### TASK PROMPT
Beginning at the line containing "LynetBurby online show", print every line until the records end, keeping each exactly as it is.

### GIVEN DATA
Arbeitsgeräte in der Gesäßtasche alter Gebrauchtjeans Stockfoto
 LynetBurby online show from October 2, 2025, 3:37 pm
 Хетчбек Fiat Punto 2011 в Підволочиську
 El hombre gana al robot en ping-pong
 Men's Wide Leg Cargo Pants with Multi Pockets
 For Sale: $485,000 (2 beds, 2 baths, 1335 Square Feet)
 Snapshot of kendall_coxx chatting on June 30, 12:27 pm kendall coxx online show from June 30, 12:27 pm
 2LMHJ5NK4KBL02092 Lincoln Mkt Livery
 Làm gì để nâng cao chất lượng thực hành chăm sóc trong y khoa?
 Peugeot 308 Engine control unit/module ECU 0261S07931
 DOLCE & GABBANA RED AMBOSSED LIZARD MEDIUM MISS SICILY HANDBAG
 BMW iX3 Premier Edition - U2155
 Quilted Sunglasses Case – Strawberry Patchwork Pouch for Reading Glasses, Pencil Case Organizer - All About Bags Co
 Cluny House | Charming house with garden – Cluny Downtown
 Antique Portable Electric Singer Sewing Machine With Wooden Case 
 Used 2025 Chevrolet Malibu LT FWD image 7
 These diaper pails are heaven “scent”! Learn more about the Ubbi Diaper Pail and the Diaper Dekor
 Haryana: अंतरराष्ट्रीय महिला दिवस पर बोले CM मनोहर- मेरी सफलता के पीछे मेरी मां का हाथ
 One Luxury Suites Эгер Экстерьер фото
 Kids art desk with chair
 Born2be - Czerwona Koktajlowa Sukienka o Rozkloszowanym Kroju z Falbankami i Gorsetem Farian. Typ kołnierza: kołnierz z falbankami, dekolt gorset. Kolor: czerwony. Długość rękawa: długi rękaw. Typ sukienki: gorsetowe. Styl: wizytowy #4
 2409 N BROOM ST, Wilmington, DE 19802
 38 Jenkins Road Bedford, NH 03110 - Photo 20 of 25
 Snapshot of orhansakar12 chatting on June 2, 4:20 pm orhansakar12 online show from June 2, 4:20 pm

### PROBLEM SOLUTION
 LynetBurby online show from October 2, 2025, 3:37 pm
 Хетчбек Fiat Punto 2011 в Підволочиську
 El hombre gana al robot en ping-pong
 Men's Wide Leg Cargo Pants with Multi Pockets
 For Sale: $485,000 (2 beds, 2 baths, 1335 Square Feet)
 Snapshot of kendall_coxx chatting on June 30, 12:27 pm kendall coxx online show from June 30, 12:27 pm
 2LMHJ5NK4KBL02092 Lincoln Mkt Livery
 Làm gì để nâng cao chất lượng thực hành chăm sóc trong y khoa?
 Peugeot 308 Engine control unit/module ECU 0261S07931
 DOLCE & GABBANA RED AMBOSSED LIZARD MEDIUM MISS SICILY HANDBAG
 BMW iX3 Premier Edition - U2155
 Quilted Sunglasses Case – Strawberry Patchwork Pouch for Reading Glasses, Pencil Case Organizer - All About Bags Co
 Cluny House | Charming house with garden – Cluny Downtown
 Antique Portable Electric Singer Sewing Machine With Wooden Case 
 Used 2025 Chevrolet Malibu LT FWD image 7
 These diaper pails are heaven “scent”! Learn more about the Ubbi Diaper Pail and the Diaper Dekor
 Haryana: अंतरराष्ट्रीय महिला दिवस पर बोले CM मनोहर- मेरी सफलता के पीछे मेरी मां का हाथ
 One Luxury Suites Эгер Экстерьер фото
 Kids art desk with chair
 Born2be - Czerwona Koktajlowa Sukienka o Rozkloszowanym Kroju z Falbankami i Gorsetem Farian. Typ kołnierza: kołnierz z falbankami, dekolt gorset. Kolor: czerwony. Długość rękawa: długi rękaw. Typ sukienki: gorsetowe. Styl: wizytowy #4
 2409 N BROOM ST, Wilmington, DE 19802
 38 Jenkins Road Bedford, NH 03110 - Photo 20 of 25
 Snapshot of orhansakar12 chatting on June 2, 4:20 pm orhansakar12 online show from June 2, 4:20 pm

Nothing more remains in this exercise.